This article first appeared in the March 1997 issue of Monitoring Times.

CELLULAR DATA

Although voice conversations have been the driving force behind the development of cellular and PCS networks, demand for data services is on the rise. Legions of mobile office workers and the explosion of the World Wide Web have created a demand for reliable, high-speed data connectivity, and network operators are fielding a variety of solutions. This month we'll take a look at three data delivery solutions available with current cellular systems in the 800 MHz band.

CELLULAR CIRCUIT SWITCHED DATA

Just as a landline modem call dedicates a circuit for the duration of the connection, a cellular circuit switched data connection uses a cellular channel for the length of the call. Although the actual channel may change as the mobile user is handed off from one cell site to another, one channel is devoted for the exclusive use of a single data connection. The cellular system doesn't know the difference between a voice call and a data call and provides the same 30 kHz bandwidth channel for data use that would normally carry voice.

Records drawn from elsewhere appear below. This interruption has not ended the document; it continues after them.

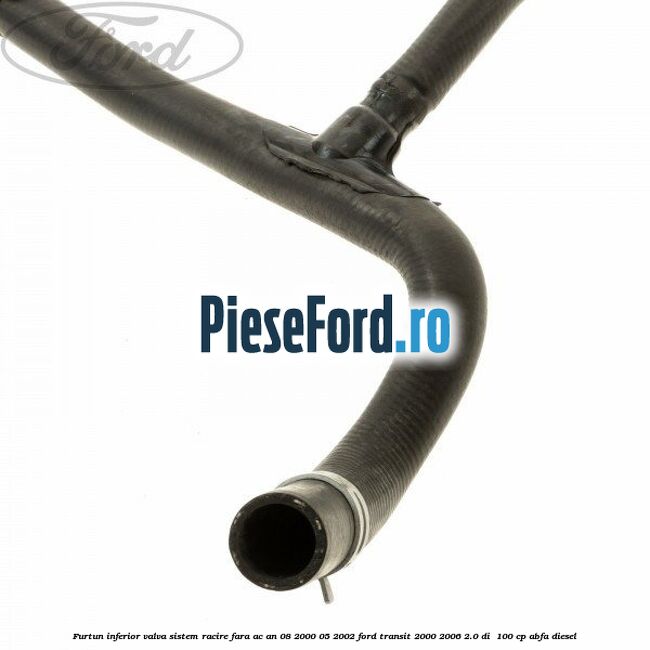 Furtun inferior valva sistem racire fara AC an 08/2000-05/2002 Ford Transit 2000-2006 2.0 DI  100 cp ABFA diesel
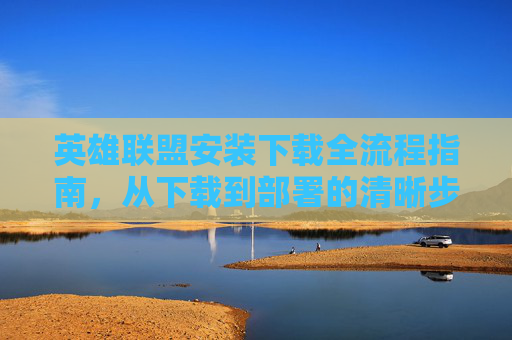 英雄联盟安装下载全流程指南,从下载到部署的清晰步骤 英雄联盟安装下载全流程指南,从下载到部署的清晰步骤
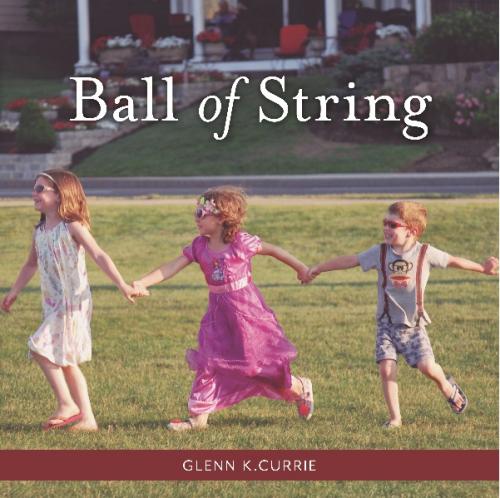 Ball of String By Glenn Currie Cover Image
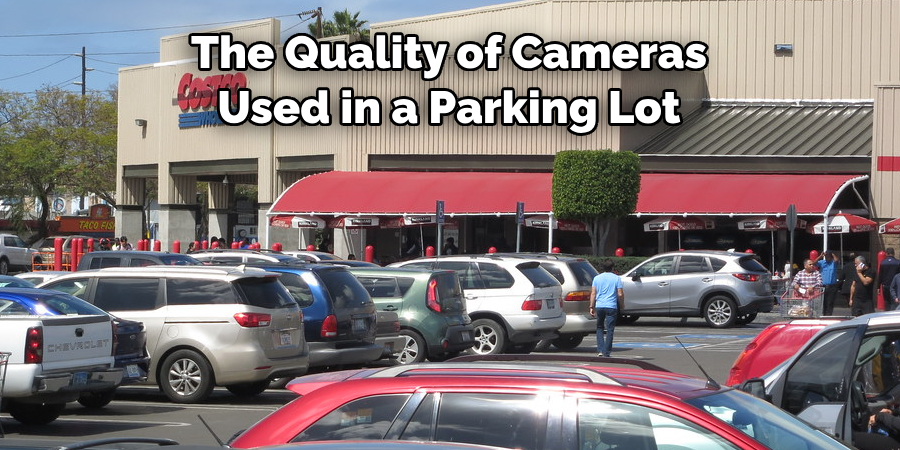 The Quality of Cameras 
Used in a Parking Lot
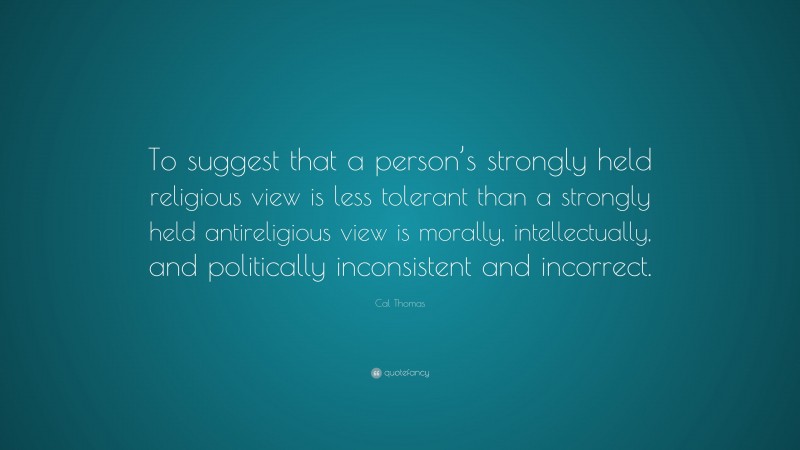 Cal Thomas Quote: “To suggest that a person’s strongly held religious view is less tolerant than a strongly held antireligious view is morally, intellectually, and politically inconsistent and incorrect.”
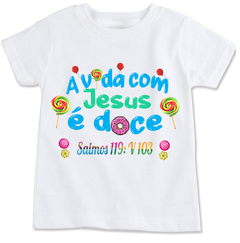 Camisa personalizada infantil a vida com Jesus é doce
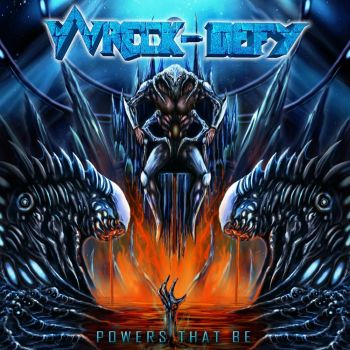 Wreck-Defy - Powers That Be (2020)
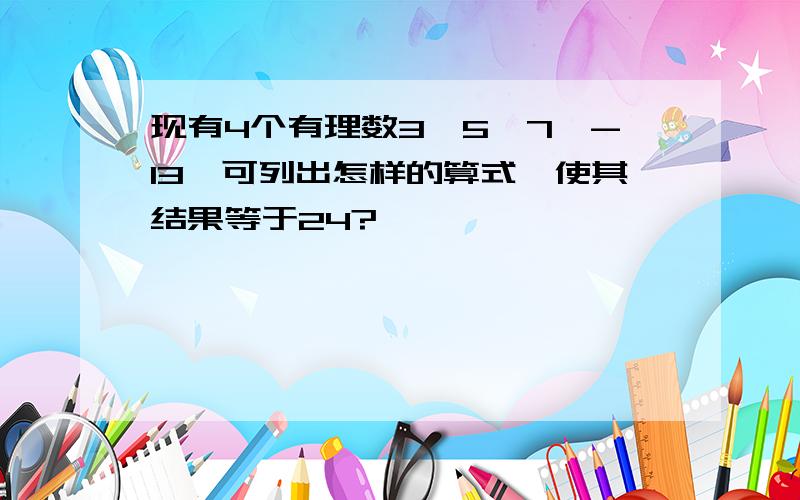 现有4个有理数3,5,7,-13,可列出怎样的算式,使其结果等于24?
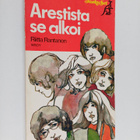 Riitta Rantanen : Arestista se alkoi - pikkukuva 1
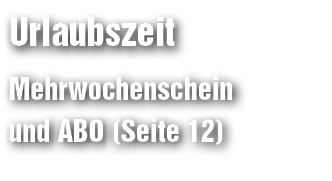 Urlaubszeit Mehrwochenschein und ABO (Seite 12)
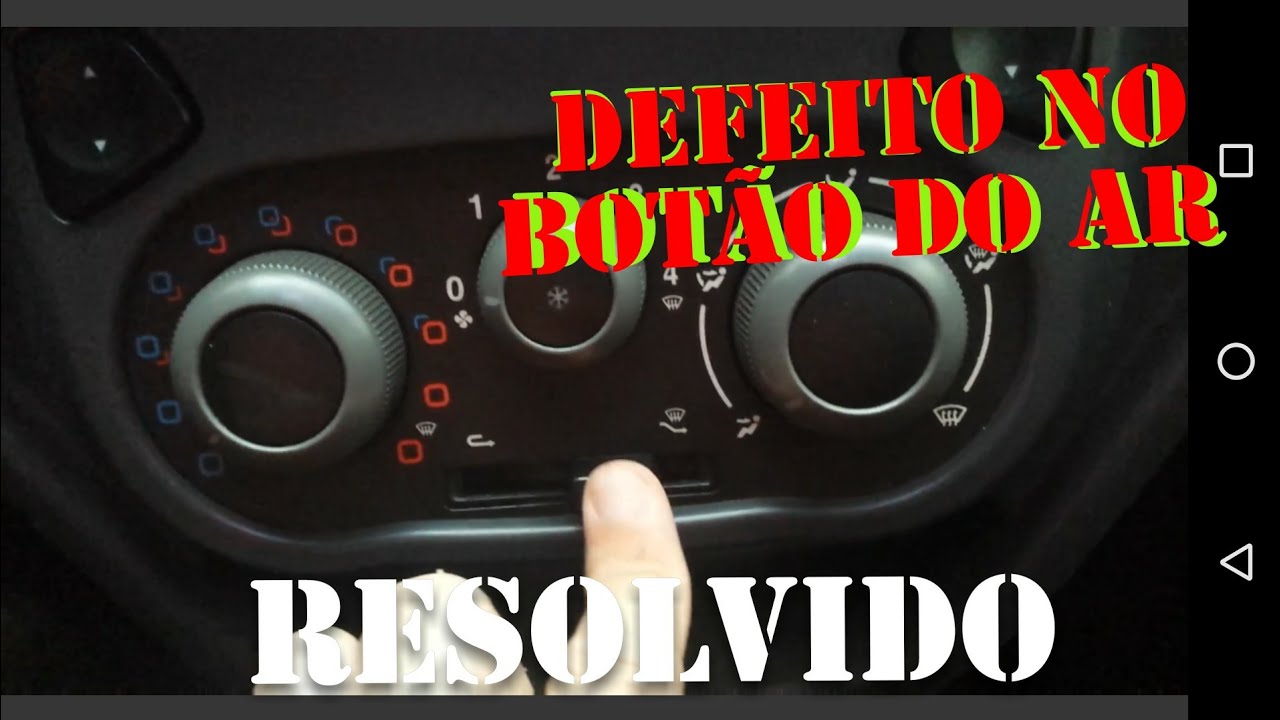 Resolvendo problema no botão do ar condicionado do novo uno!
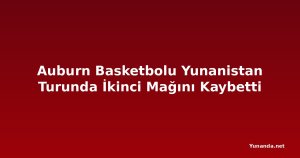 Auburn Basketbolu Yunanistan Turunda İkinci Mağını Kaybetti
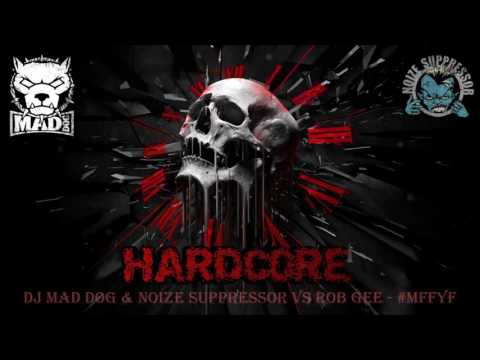 Dj Mad Dog & Noize Suppressor Vs Rob Gee: #MFFYF
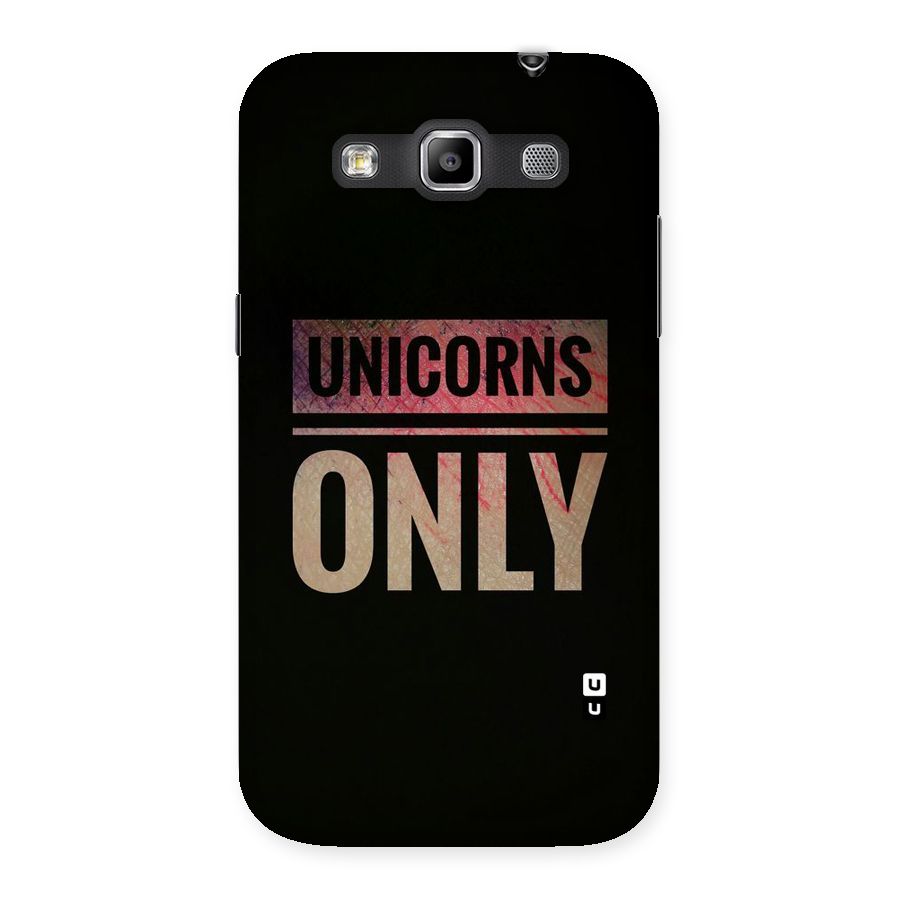 Unicorns Only Back Case for Galaxy Grand Quattro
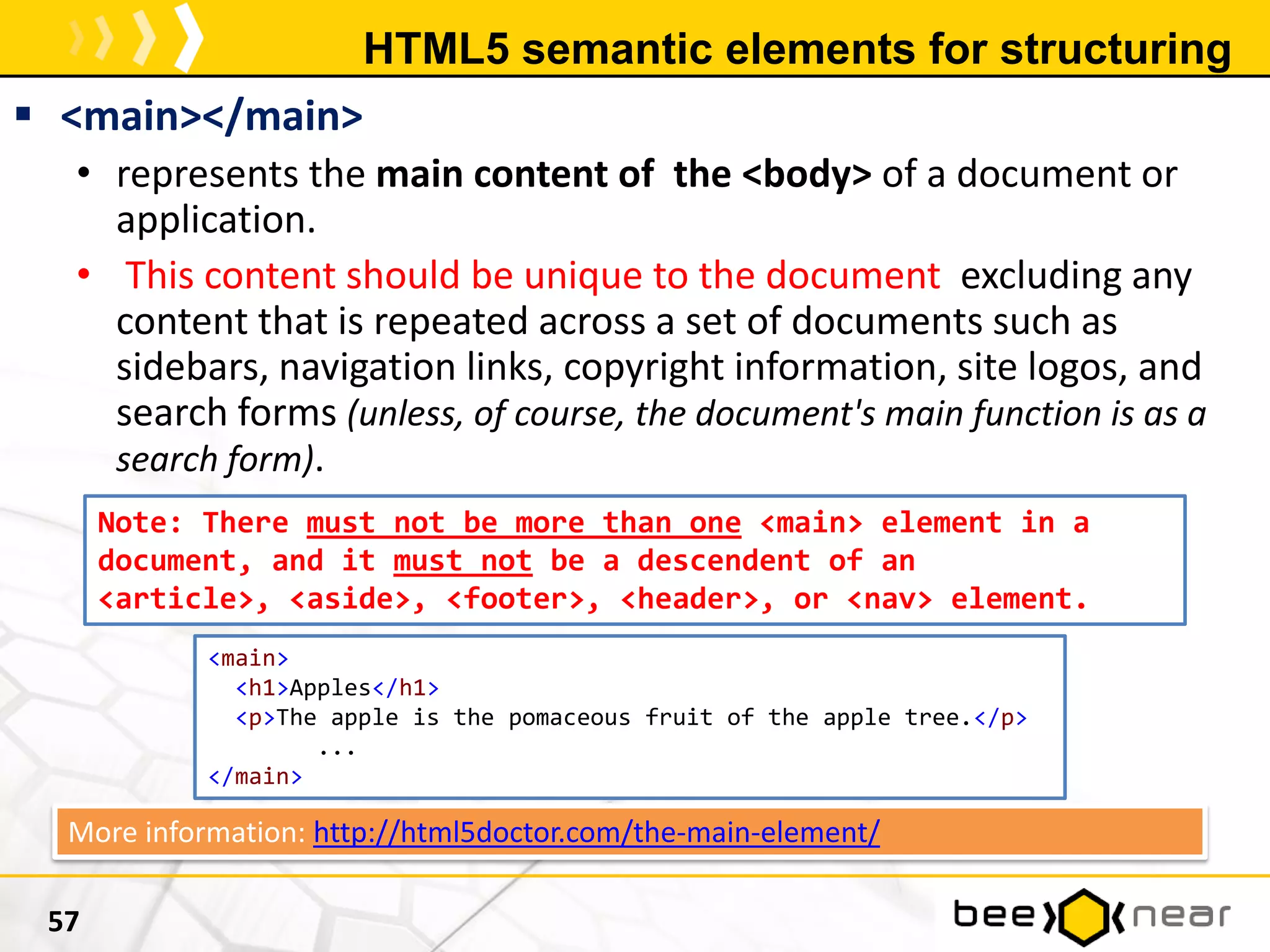 HTML5 semantic elements for structuring
 <main></main>
• represents the main content of the <body> of a document or
application.
• This content should be unique to the document excluding any
content that is repeated across a set of documents such as
sidebars, navigation links, copyright information, site logos, and
search forms (unless, of course, the document's main function is as a
search form).
57
Note: There must not be more than one <main> element in a
document, and it must not be a descendent of an
<article>, <aside>, <footer>, <header>, or <nav> element.
<main>
<h1>Apples</h1>
<p>The apple is the pomaceous fruit of the apple tree.</p>
...
</main>
More information: http://html5doctor.com/the-main-element/
 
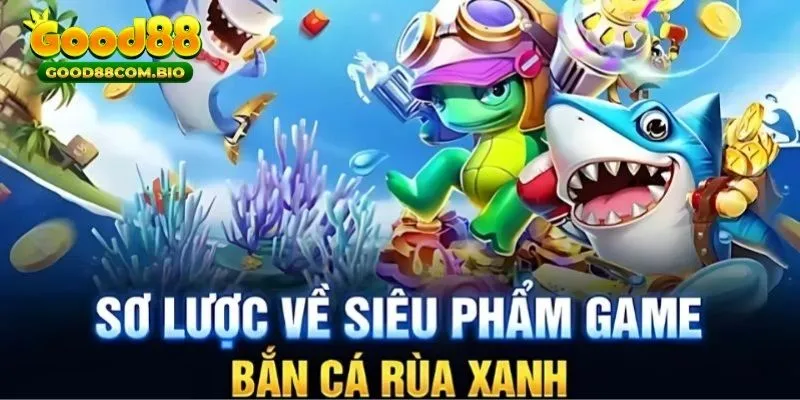 Khái quát sơ lược về game bắn cá rùa xanh trực tuyến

In a manner identical to their landline counterparts, cellular modems convert the bits from the computer into analog signals that fit within voice frequencies. These signals are then transmitted just as a cellular telephone would transmit a human voice. Analog signals coming into the modem are converted back into bits and delivered to the computer.

Speed (bps) ITU-T Standard
300 V.21
1200 V.22
2400 V.22bis
9600 V.32
14400 V.32bis
19200 V.32ter
28800 V.34

Because data calls suffer from the same audio quality problems that plague voice calls, most current cellular modems incorporate industrial-strength error detection and correction. The two most popular methods are Enhanced Throughput Cellular (ETC), developed by AT&T Network Systems (now Lucent Technologies, Inc.), and Microcom Networking Protocol 10 Enhanced Cellular (MNP-10EC), from Rockwell International. ETC-capable modems can send data up to 14,400 bits per second (bps), and a newer version called ETC2 has an advertised speed of up to 20,000 bps. Depending on whom you believe, MNP-10EC is either just as good or somewhat worse than ETC, but each of these protocol enhancements detect and correct errors in the transmitted data, and can dynamically adapt speeds and other parameters to changing environmental conditions. Despite these efforts, however, real-world data transfer rates fall far below the advertised modem speeds due to interference, fading, and other hazards inherent in a mobile radio platform.

A cellular circuit switched data call goes through four phases: setup, where an available cellular channel is found and the call is placed (the number is dialed); handshaking, where the far end modem negotiates with the local modem on speeds and coding methods; session, where data is exchanged; and teardown, where the modems disconnect and the call is terminated. The setup and handshaking time can average 20 to 30 seconds or more, and for small amounts of data this can be a significant portion of the cost of the call.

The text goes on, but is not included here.